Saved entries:
-- Opening Marker --

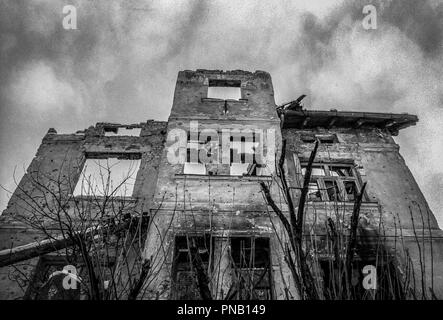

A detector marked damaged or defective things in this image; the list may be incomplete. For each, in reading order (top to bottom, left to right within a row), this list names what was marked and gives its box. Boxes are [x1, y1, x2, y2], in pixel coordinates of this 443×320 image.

broken window [209, 78, 243, 99]
broken window [73, 154, 141, 196]
damaged building facade [0, 69, 443, 300]
broken window [302, 162, 364, 202]
broken window [172, 235, 213, 300]
broken window [229, 235, 274, 300]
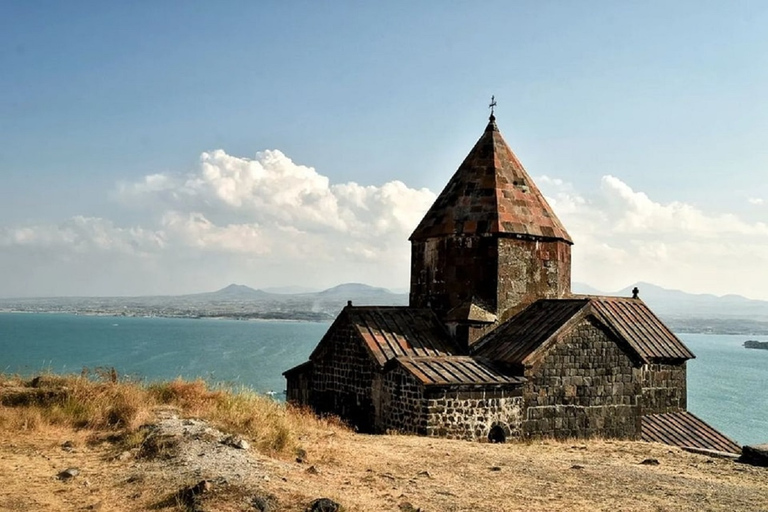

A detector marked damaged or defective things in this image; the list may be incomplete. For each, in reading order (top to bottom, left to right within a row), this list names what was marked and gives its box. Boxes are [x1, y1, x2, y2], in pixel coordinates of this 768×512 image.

-- Closing Marker --

* **What is needed**
In the transcription, every picture is to be excluded and the records above given again exactly.

* **Response area**
A detector marked damaged or defective things in this image; the list may be incomplete. For each, in reading order (top to bottom, left to right within a row), this list names what was marked and gives its box. Boxes are [x1, y1, x2, y2], in pixel coordinates of this 443×320 image.

broken window [209, 78, 243, 99]
broken window [73, 154, 141, 196]
damaged building facade [0, 69, 443, 300]
broken window [302, 162, 364, 202]
broken window [172, 235, 213, 300]
broken window [229, 235, 274, 300]

A detector marked damaged or defective things in this image; the list may be incomplete. For each, in reading order (top to bottom, left to right within a row), this list names what was marked and gives its box. Boxes are [x1, y1, x2, y2], in pixel coordinates of this 768×512 image.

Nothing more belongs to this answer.